Chunking and concurrency¶
lazycogs has two independent concurrency controls: dask chunking for task-level parallelism, and max_concurrent_reads for async I/O parallelism within a single chunk.
Default behavior: no chunks¶
When chunks is None (the default), lazycogs returns a LazilyIndexedArray-backed DataArray. Each access triggers a targeted read — only the pixels you request are fetched. COG reads across all requested time steps are issued concurrently within a single async event loop, so I/O overlaps even when you read many time steps at once. This is the best mode for:
- Point extraction (
.sel(x=..., y=...)) - Small spatial subsets
- Interactive exploration
da = lazycogs.open("items.parquet", bbox=dst_bbox, crs=dst_crs, resolution=10.0)
# COG reads for all time steps in the slice overlap concurrently
vals = da.sel(x=299965, y=2653947, method="nearest").sel(time=slice("2025-06", "2025-08")).compute()
When to add chunks¶
Add chunks={"time": 1} when you want dask to distribute work across multiple workers.
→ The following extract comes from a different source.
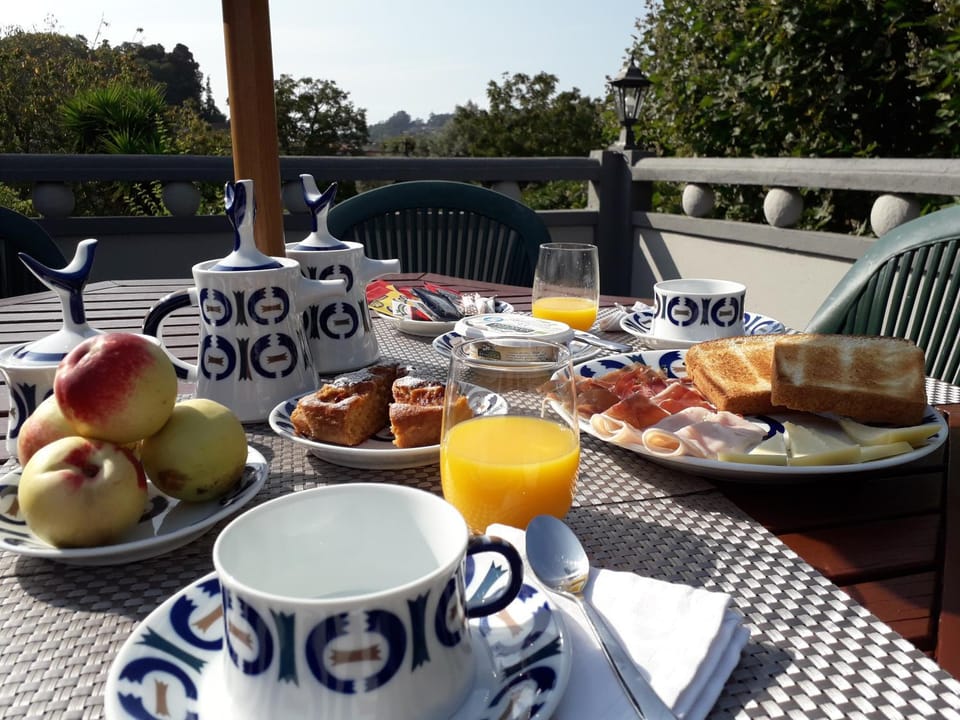 Breakfast, Continental breakfast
Without chunks, all time steps share one lazycogs event loop and one bounded reprojection pool. I/O is concurrent but CPU-bound reprojection is bounded by that shared pool. With temporal chunks, dask can run multiple chunk tasks in parallel across worker threads, all submitting to the same lazycogs loop while still sharing the same bounded reprojection pool:
da = lazycogs.open(
"items.parquet",
bbox=dst_bbox,
crs=dst_crs,
resolution=10.0,
chunks={"time": 1},
)
da.max(dim="time").compute() # each time step runs in its own dask task
Spatial chunks¶
Avoid spatial chunks unless you are under memory pressure. lazycogs handles spatial I/O concurrency internally through its async event loop — adding spatial dask tasks layers extra DuckDB query overhead on top of I/O that was already happening concurrently.
The one case where spatial chunks are useful is when a single time step is too large to fit in memory even at max_concurrent_reads=1. In that case, small spatial chunks limit how many pixels are in flight at once.
max_concurrent_reads¶
Controls how many COG files are opened and read simultaneously within a single chunk. This is pure async I/O — it does not create threads. The default is 32.
Lower it if you are hitting S3 request-rate throttling or want to reduce peak memory per chunk. Raise it (carefully) if you have many non-overlapping tiles and a fast network connection, but note that diminishing returns set in quickly.
When using dask, total concurrent reads across all workers equals dask_workers × max_concurrent_reads. On a 16-core machine with default dask settings and max_concurrent_reads=32, that is 512 simultaneous reads.
da = lazycogs.open(
"items.parquet",
bbox=dst_bbox,
crs=dst_crs,
resolution=10.0,
chunks={"time": 1},
max_concurrent_reads=16, # lower if hitting S3 throttling
)
LAZYCOGS_REPROJECT_WORKERS¶
Controls how many threads the shared reprojection pool uses for CPU-bound reprojection (pyproj + numpy). The default is min(os.cpu_count(), 4).
Reprojection is memory-bandwidth-bound rather than compute-bound. Benchmarks show diminishing returns above 4 threads because concurrent large-array operations saturate the memory bus rather than adding throughput. Raising this beyond 4 is rarely useful.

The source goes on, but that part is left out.